# Where the hell is the power steering reservoir?



## everfresh59 (Jul 26, 2010)

Can someone show me, pic if it need be, as to where the power steering fluid is located...


----------



## crew219 (Oct 18, 2000)

everfresh59 said:


> Can someone show me, pic if it need be, as to where the power steering fluid is located...


It's next to the blinker fluid.


----------



## Krieger (May 5, 2009)

crew219 said:


> It's next to the blinker fluid.


no, its next to the muffler bearings, duh!


----------



## VWAddict (Jun 12, 1999)

Ignore those buffoons...

It's in two different locations depending on whether you have a 3.2Q or a 2.0T.

On the 2.0T it's actually mounted BENEATH the transmission, so it's fairly difficult to get to. -Again, because of the cramped space in the engine bay, they had to mount it upside down, so the filler cap is on the bottom.

You have to strap the car to a carousel and flip it upside down to check the fluid, since the fluid runs out as soon as you unscrew the cap if you don't.

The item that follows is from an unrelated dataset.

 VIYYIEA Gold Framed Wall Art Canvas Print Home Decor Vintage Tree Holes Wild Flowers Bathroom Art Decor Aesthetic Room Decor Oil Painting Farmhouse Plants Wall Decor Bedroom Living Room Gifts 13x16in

On a 3.2, it's mounted in the trunk, under the false floor, immediately next to the rear bumper.


----------



## tdotA3mike (Feb 5, 2009)

Krieger said:


> no, its next to the muffler bearings, duh!

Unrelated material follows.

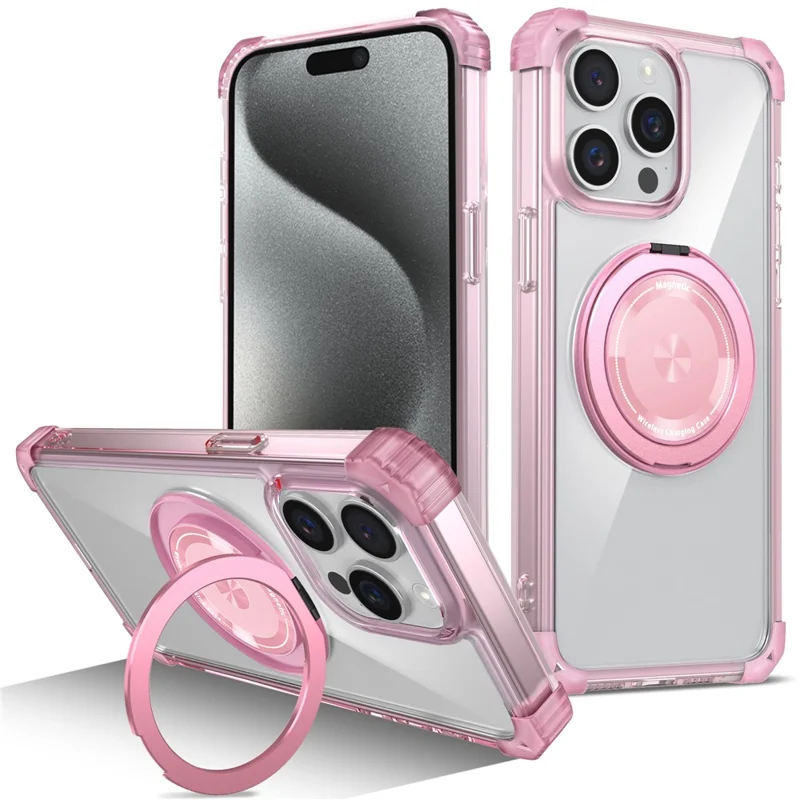 For iPhone 15 Pro Max Magnetic Phone Case PC+TPU Cover with Ring Kickstand - Transparent Pink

actually its next to the radio gas recir valve 

all joking aside, our cars use electric power steering and does not require a power steering reservoir.


----------



## Krieger (May 5, 2009)

tdotA3mike said:


> all joking aside, our cars use electric power steering and does not require a power steering reservoir.


oh, boo! lmao.

lmao, @vwaddict.


----------